**Activity**
Repeat the lines from the line with "als nieuw, Zilver" to the line with "L'hôtel de ville" in the listing below, keeping both end lines and adding nothing.

**Raw data**

# # #

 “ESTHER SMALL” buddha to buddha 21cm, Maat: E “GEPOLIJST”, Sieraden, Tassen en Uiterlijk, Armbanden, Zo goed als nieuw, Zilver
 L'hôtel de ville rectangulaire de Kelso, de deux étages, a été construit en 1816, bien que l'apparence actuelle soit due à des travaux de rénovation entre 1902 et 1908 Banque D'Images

# # #

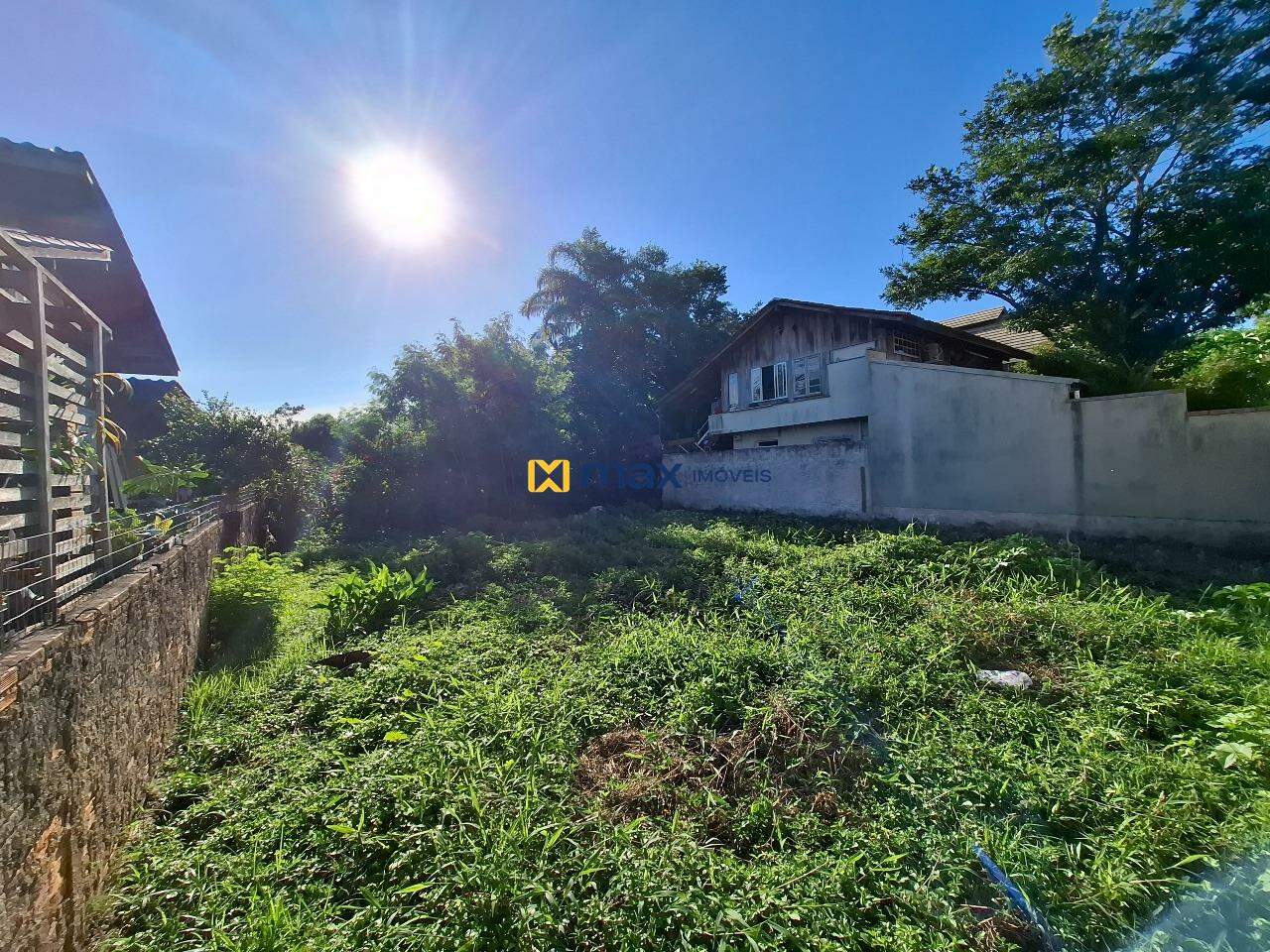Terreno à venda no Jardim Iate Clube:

# # #

**Output for this task**
 “ESTHER SMALL” buddha to buddha 21cm, Maat: E “GEPOLIJST”, Sieraden, Tassen en Uiterlijk, Armbanden, Zo goed als nieuw, Zilver
 L'hôtel de ville rectangulaire de Kelso, de deux étages, a été construit en 1816, bien que l'apparence actuelle soit due à des travaux de rénovation entre 1902 et 1908 Banque D'Images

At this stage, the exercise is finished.